— Exercise goal —
Beginning with the line that contains "- Thomery, le modèle conçu en [1931]", repeat each line exactly through the end of the listing below. Pictures stay out.

[Extracted information — start]

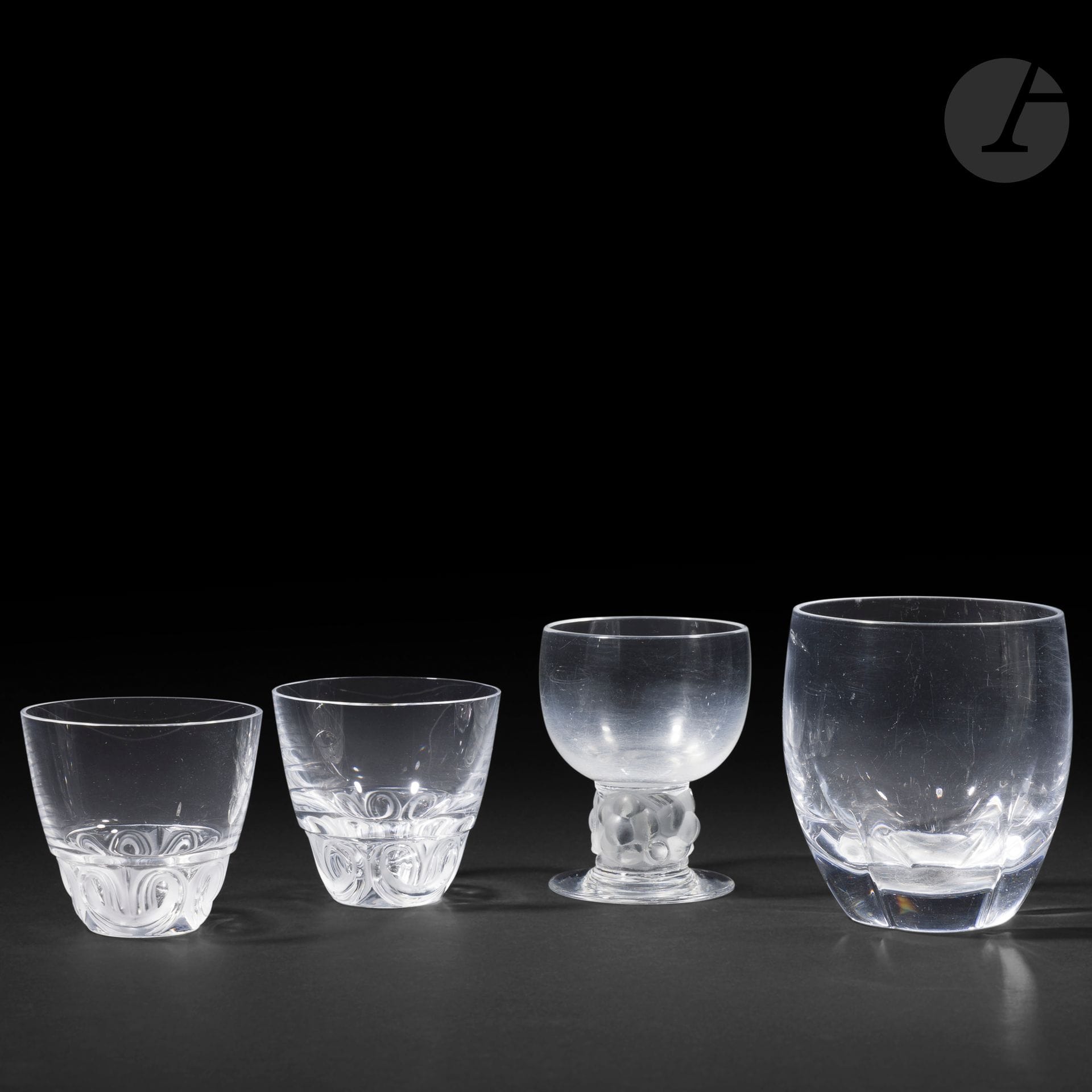 RENÉ LALIQUE (1860-1945) ET MARC LALIQUE (1900-1977) ET MAISON LALIQUE
Ensemble de 4 verres différents composé comme suit: 
- Thomery, le modèle conçu en [1931]
Un verre à Bordeaux n° 4 (Réf. Marcilhac 5255).
Épreuve en verre blanc soufflé-moulé pour le corps et moulé-pressé et, en partie satiné pour la base.
Signé R. Lalique France sous la base. 
- Highlands
Un verre à whisky.
Épreuve en cristal soufflé-moulé.
- 2 gobelets à décor de volutes en relief.
Épreuves en cristal soufflé-moulé et, en partie, satiné.
Chaque pièce signée Lalique ® France en lettres cursives, à la pointe, sous la base. 
Hauteurs: 9 – 10,2 cm – 7,1 cm
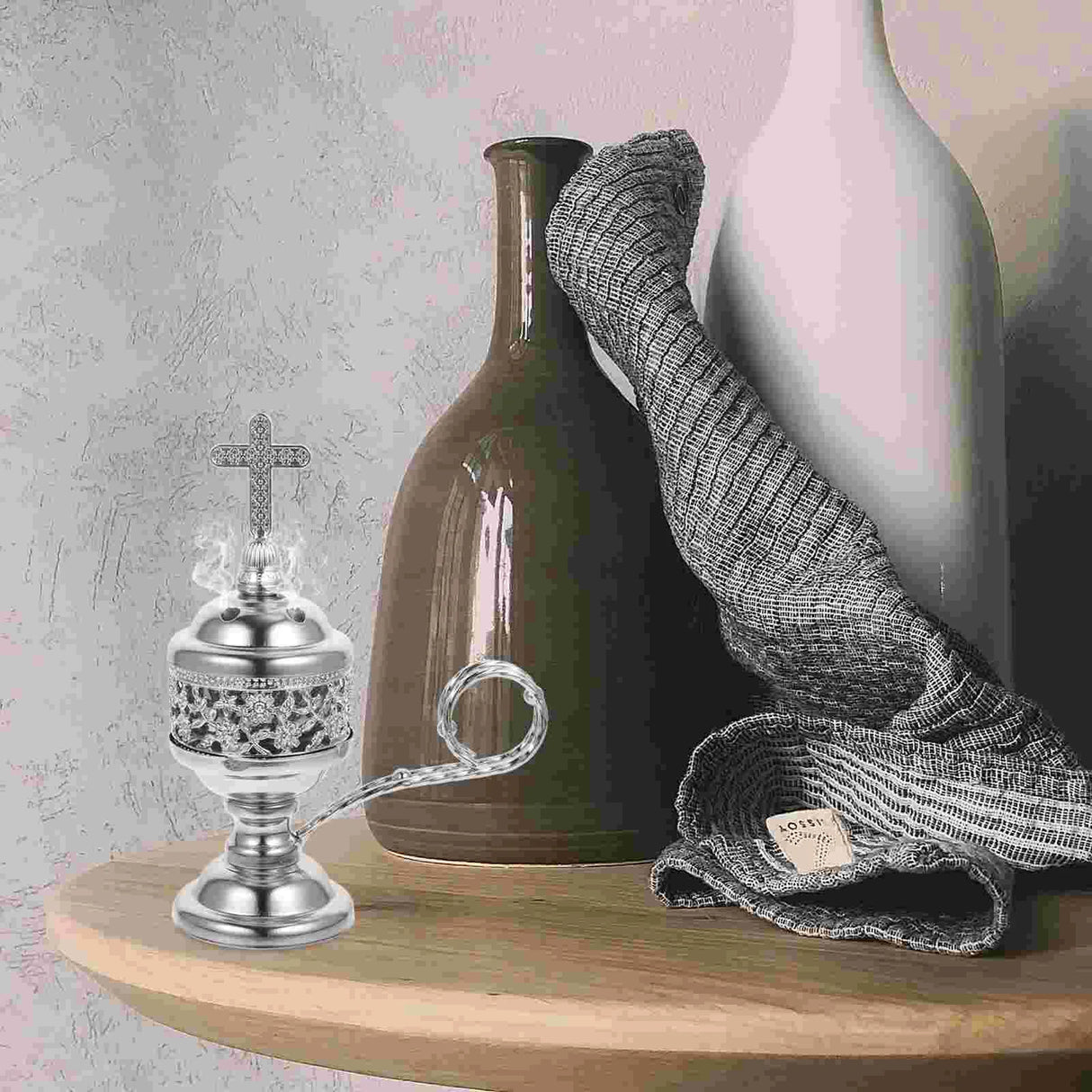 Decorative items including a silver censer, green vase, pink vase, and gray scarf on a wooden surface.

[Extracted information — finish]

— Answer to the exercise —
- Thomery, le modèle conçu en [1931]
Un verre à Bordeaux n° 4 (Réf. Marcilhac 5255).
Épreuve en verre blanc soufflé-moulé pour le corps et moulé-pressé et, en partie satiné pour la base.
Signé R. Lalique France sous la base. 
- Highlands
Un verre à whisky.
Épreuve en cristal soufflé-moulé.
- 2 gobelets à décor de volutes en relief.
Épreuves en cristal soufflé-moulé et, en partie, satiné.
Chaque pièce signée Lalique ® France en lettres cursives, à la pointe, sous la base. 
Hauteurs: 9 – 10,2 cm – 7,1 cm
 Decorative items including a silver censer, green vase, pink vase, and gray scarf on a wooden surface.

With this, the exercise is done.